By: CH (MAJ) Joseph Messinger, USA
Chanukah 2009 found me deployed to Afghanistan in support of the 82nd Airborne’s mission to provide comprehensive Jewish religious coverage and support for Operation Enduring Freedom. It was a year full of battlefield circulation, patrols, convoys, a visit to the country’s last synagogue and last Jew, and even serving as a rabbinic kosher certifier of raisins, which in turn were exported to the global community. Naturally, I could not be everywhere, and I would collect stories of what the holidays were like in other locations.
One day shortly after Chanukah, I met a Battalion Chaplain who looked at my name and Chaplain insignia and said, “Messinger… Yes!
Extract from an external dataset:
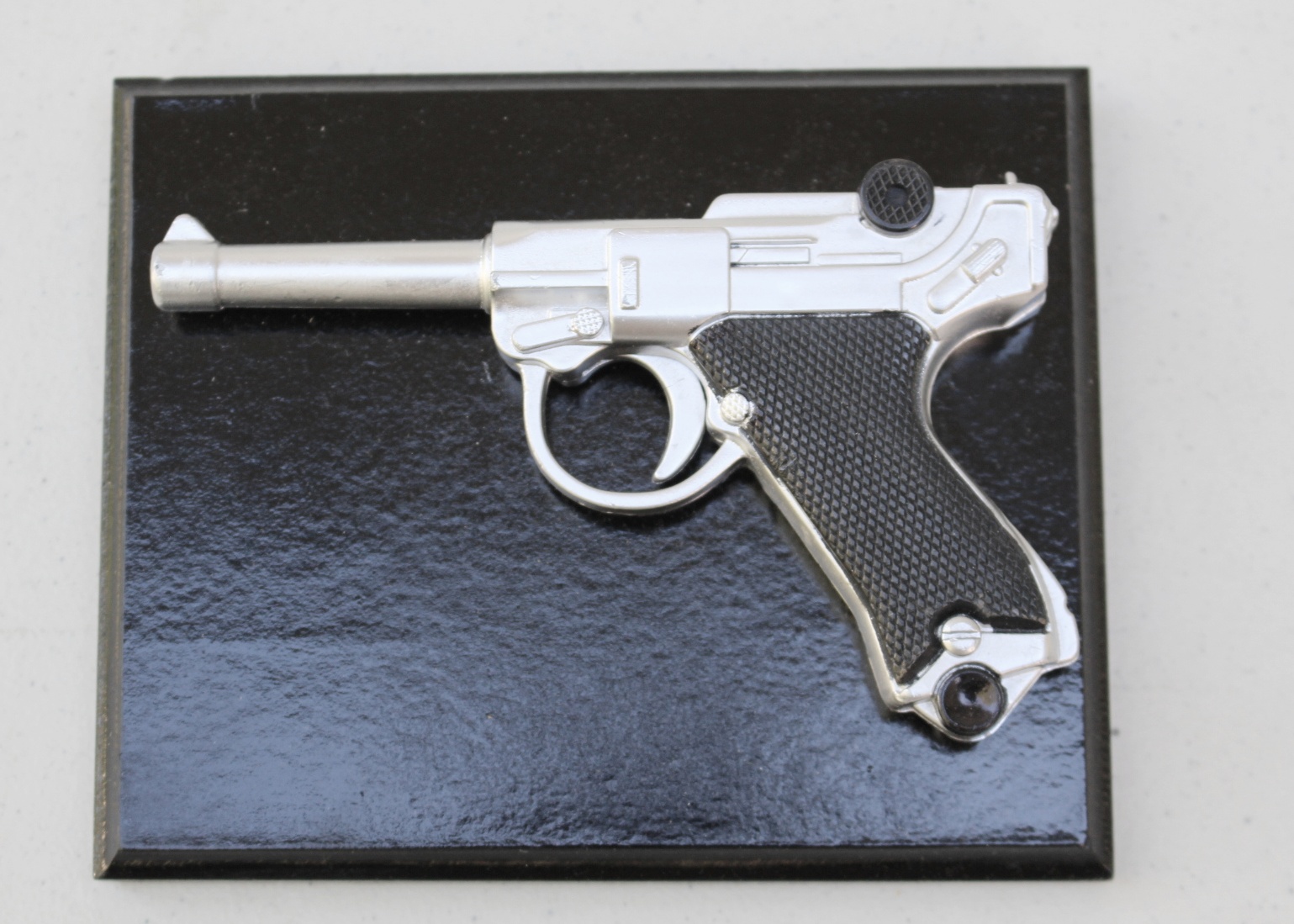 Gun Collector Books and Luger Plaque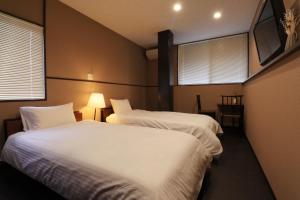 Cama o camas de una habitación en Villa Izumoya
I’ve been getting your emails. Thank you! I want to show you a video.” This Chaplain was from a unit that was forward deployed to a tiny COP (Combat Outpost) near the Durand Line. The Durand Line starts in Iran, ends in China, and bifurcates Afghanistan and Pakistan. At the southern border of the Hindu Kush, the elevation is high and both the roads and sky are not easily traversed. It is not a friendly place for Americans.
So out comes his camera and he proceeds to play a series of videos. At first it was hard to see what I was looking at. I thought it was a video of the sun—sometimes the sun can shine so brilliantly that the image resolves as a dark sky and a bright ball of light. But these lights were slowly falling earthward and then illuminating the jagged edges of the mountainous and booby-trapped Hindu Kush. What I was looking at were phosphorus flares used as battlefield illumination. They are fired from artillery, and when they go off, they momentarily turn the impenetrable blackness of a mountain night into high noon. Like mini-suns, they shine and turn the concealed visible. Now seeing this in person is amazing, but why was this Chaplain showing me these video clips? Why so many, and why did each video add another phosphorus flare?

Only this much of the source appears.